Mêlant arguments juridiques, facteurs économiques, Blandine Carpentier dresse ainsi un bilan très mitigé de ce qui nous est pourtant très souvent présenté comme l’outil quelque peu miracle en matière de sécurité. Mais sans chercher à remettre en cause cet instrument, elle se veut force de proposition et ouvre des pistes à un usage raisonné et raisonnable, parce qu’encadré et lui-même « contrôlé » afin d’éviter que les communes ne voient plus « flou » mais fassent « le point » en la matière.
Parce qu’il est à la fois un travail universitaire précis et argumenté, mais aussi parce qu’il fait preuve d’un esprit critique et ouvert, susceptible d’apporter un éclairage aux collectivités potentiellement intéressées par l’installation de caméras sur leur territoire, ce mémoire méritait d’être publié.

NELLY FERREIRA
Co-directrice du Master
Collectivités territoriales et politiques publiques.
LEXIQUE DES PRINCIPALES ABRÉVIATIONS
AAI : Autorité administrative indépendante
AN2V : Association nationale de la vidéoprotection
APA : Allocation personnalisée d’autonomie créée par la loi n°2001- 647 du 20 juillet 2001 relative à la prise en charge de la perte d’autonomie des personnes âgées
CAVAM : Communauté d’agglomération de la Vallée de Montmorency
CAVF : Communauté d’agglomération de Val-et-Forêt
CGCT : Code général des collectivités territoriales
CISPD : Conseil intercommunal de sécurité et de prévention de la délinquance
CLS : Contrat local de sécurité
CLSPD : Conseil local de sécurité et de prévention de la délinquance
CNIL : Commission nationale de l’informatique et des libertés
CRC : Chambre régionale des comptes
CSU : Centre de supervision urbain
DDHC : Déclaration des droits de l’homme et du citoyen
EPCI : Établissements publics de coopération intercommunale
FFIE : Fédération française des entreprises de génie électrique et énergétique
FIPD : Fonds interministériel de prévention de la délinquance
IGA : Inspection générale de l’administration
LDH : Ligue des droits de l’homme
LOPPSI : Loi d’orientation et de programmation pour la performance de la sécurité intérieure adoptée le 14 mars 2011
LOPS : Loi d’orientation et de programmation pour la sécurité adoptée le 21 janvier 1995
RFID : (de l’anglais) Radio Frequency Identification
RGPP : Révision générale des politiques publiques
RSA : Revenu de solidarité active crée en décembre 2008 pour remplacer le revenu minimum d’insertion
INTRODUCTION
« Celui qui est soumis à un champ de
visibilité et qui le sait, reprend à son compte
les contraintes du pouvoir ; il les fait jouer
spontanément sur lui-même ; (…) il devient le
principe de son propre assujettissement ».

Michel Foucault,
Surveiller et punir , 1975

Cette phrase est tirée du chapitre III de Surveiller et Punir dans lequel Michel Foucault revient sur le concept architectural du panoptique imaginé par le philosophe Jeremy Bentham à la fin du XVIII ème siècle.

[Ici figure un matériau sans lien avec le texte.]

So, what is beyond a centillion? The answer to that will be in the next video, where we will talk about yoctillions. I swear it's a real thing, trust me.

Le principe panoptique a vocation à être utilisé dès lors que des établissements réunissent des hommes qui spontanément n’effectuent pas ce que l’on attend d’eux et qui ont donc besoin d’être surveillés continuellement. L’idée est simple. Depuis une tour centrale, percée de larges fenêtres, le surveillant observe l’ensemble des prisonniers, malades ou fous, enfermés dans des cellules individuelles sans que ces derniers puissent savoir s’ils sont effectivement observés. Le surveillant peut donc tout voir sans être vu. Pour Michel Foucault, la grande force du panoptique réside dans cet état de visibilité permanente des prisonniers car, à force de sentir peser sur eux le regard du surveillant, les détenus finissent par l’intérioriser au point d’exercer cette surveillance sur et contre eux-mêmes 1 .

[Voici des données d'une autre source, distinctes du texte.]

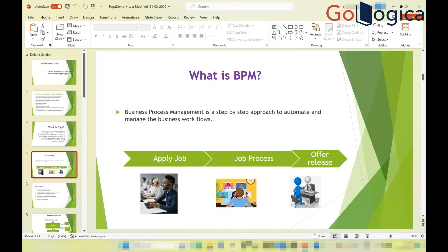The same BPM concept applies to many other scenarios — applying for a passport, getting a driving license, healthcare, insurance, or banking applications. Across all domains, you define a process where different users with different roles work collaboratively on a single platform to achieve a common goal.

Cette utopie carcérale n’est pas sans lien avec notre sujet. Beaucoup d’opposants à la vidéoprotection 2 qualifient en effet cet outil de « panoptique moderne 3 » tandis que d’autres osent la comparaison avec la figure orwellienne de Big Brother 4 . Sans aller jusque là, on peut néanmoins s’interroger sur les objectifs finaux de la vidéoprotection. S’agit-il seulement d’un « outil de prévention, de dissuasion et d’élucidation des crimes et délits» 5 ou bien les partisans de cet outil ont-ils d’autres motivations moins avouables ? À l’heure du développement des fichiers informatiques et de l’identification par radiofréquence (RFID), la question mérite d’être posée.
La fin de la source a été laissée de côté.